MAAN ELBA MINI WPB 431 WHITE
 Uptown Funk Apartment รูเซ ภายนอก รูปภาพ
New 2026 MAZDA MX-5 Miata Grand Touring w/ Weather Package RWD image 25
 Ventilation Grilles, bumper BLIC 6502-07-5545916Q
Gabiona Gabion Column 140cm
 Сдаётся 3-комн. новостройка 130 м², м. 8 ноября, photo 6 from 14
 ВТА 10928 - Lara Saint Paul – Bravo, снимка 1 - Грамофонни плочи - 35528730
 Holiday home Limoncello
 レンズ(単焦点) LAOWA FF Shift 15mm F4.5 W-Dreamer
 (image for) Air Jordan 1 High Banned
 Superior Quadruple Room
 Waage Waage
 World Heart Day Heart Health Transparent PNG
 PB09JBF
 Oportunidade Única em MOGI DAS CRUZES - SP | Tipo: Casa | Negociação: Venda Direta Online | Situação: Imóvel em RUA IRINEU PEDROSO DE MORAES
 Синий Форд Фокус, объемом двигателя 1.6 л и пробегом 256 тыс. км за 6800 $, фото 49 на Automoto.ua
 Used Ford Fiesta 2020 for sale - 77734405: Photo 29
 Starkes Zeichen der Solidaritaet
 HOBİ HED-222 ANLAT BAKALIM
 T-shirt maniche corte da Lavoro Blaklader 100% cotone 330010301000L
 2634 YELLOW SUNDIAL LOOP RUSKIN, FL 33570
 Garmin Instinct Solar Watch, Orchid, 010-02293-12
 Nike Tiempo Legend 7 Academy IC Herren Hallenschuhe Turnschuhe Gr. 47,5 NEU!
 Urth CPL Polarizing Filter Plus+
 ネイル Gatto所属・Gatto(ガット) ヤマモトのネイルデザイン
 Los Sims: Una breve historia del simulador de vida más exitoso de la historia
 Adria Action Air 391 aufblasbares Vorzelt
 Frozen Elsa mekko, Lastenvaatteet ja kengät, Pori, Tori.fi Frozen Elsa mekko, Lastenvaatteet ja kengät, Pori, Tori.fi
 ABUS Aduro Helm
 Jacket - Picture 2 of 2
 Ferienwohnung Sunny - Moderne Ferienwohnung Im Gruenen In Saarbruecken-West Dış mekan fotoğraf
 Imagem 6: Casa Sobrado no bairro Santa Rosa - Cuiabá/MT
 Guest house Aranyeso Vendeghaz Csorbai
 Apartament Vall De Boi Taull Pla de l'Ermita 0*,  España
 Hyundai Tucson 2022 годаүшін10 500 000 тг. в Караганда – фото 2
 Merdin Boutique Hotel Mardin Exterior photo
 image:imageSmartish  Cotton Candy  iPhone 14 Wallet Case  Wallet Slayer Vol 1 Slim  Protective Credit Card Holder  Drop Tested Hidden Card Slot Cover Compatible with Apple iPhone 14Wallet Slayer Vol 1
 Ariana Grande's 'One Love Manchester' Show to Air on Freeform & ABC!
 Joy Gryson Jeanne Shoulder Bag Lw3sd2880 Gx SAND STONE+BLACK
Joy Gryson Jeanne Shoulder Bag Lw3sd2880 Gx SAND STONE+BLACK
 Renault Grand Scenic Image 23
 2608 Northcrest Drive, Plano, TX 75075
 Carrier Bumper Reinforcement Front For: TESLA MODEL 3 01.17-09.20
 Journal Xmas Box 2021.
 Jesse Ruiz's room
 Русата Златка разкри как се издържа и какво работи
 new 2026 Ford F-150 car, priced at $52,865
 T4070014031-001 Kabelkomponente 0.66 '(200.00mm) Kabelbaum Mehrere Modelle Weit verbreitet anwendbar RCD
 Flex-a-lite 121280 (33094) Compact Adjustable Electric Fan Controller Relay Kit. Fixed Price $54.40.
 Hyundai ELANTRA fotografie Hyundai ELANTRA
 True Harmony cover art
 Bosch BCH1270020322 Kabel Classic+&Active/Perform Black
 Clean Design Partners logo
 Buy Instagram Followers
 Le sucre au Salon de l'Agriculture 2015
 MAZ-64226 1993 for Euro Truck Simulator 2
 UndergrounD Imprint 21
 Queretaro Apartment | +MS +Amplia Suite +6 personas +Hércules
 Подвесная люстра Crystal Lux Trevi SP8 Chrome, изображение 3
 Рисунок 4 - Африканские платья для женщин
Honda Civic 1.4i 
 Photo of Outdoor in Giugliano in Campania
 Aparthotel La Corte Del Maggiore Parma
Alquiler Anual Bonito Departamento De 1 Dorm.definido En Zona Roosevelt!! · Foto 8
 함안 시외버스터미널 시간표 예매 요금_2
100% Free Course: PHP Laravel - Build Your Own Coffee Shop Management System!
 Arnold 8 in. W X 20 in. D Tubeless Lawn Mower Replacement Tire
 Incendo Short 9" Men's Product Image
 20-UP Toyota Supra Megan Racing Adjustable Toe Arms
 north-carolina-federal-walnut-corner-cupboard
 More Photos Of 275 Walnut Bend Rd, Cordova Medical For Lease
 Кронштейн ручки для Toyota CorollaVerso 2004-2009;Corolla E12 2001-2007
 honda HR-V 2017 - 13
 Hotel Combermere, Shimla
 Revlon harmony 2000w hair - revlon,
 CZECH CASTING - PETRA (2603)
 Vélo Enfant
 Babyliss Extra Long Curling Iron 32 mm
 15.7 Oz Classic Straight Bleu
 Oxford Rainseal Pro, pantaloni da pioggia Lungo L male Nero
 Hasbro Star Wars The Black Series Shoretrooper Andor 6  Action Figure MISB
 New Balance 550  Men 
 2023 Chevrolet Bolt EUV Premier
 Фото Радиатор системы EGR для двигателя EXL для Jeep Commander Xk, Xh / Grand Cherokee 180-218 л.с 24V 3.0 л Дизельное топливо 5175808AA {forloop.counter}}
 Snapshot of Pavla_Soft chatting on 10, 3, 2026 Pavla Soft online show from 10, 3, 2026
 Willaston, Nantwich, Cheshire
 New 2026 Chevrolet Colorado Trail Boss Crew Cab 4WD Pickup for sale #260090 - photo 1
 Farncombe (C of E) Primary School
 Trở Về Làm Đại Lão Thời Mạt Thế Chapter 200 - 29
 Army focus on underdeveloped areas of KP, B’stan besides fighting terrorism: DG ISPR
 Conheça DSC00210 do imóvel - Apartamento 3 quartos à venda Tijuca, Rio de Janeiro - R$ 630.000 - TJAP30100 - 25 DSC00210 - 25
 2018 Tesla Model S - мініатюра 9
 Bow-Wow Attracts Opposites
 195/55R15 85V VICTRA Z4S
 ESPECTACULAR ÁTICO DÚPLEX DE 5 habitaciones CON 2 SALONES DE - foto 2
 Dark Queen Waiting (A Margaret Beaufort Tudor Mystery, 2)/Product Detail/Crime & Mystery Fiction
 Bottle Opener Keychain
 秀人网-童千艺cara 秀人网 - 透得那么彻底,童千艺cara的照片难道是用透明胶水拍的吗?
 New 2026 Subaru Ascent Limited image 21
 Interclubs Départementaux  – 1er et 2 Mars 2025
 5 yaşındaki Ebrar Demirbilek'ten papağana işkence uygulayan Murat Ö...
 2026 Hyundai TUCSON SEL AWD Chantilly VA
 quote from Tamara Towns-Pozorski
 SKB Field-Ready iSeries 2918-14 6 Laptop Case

_Task objective_
Each line in the material above that mentions the word "Hyundai" must be copied.

_Exercise answer_
 Hyundai Tucson 2022 годаүшін10 500 000 тг. в Караганда – фото 2
 Hyundai ELANTRA fotografie Hyundai ELANTRA
 2026 Hyundai TUCSON SEL AWD Chantilly VA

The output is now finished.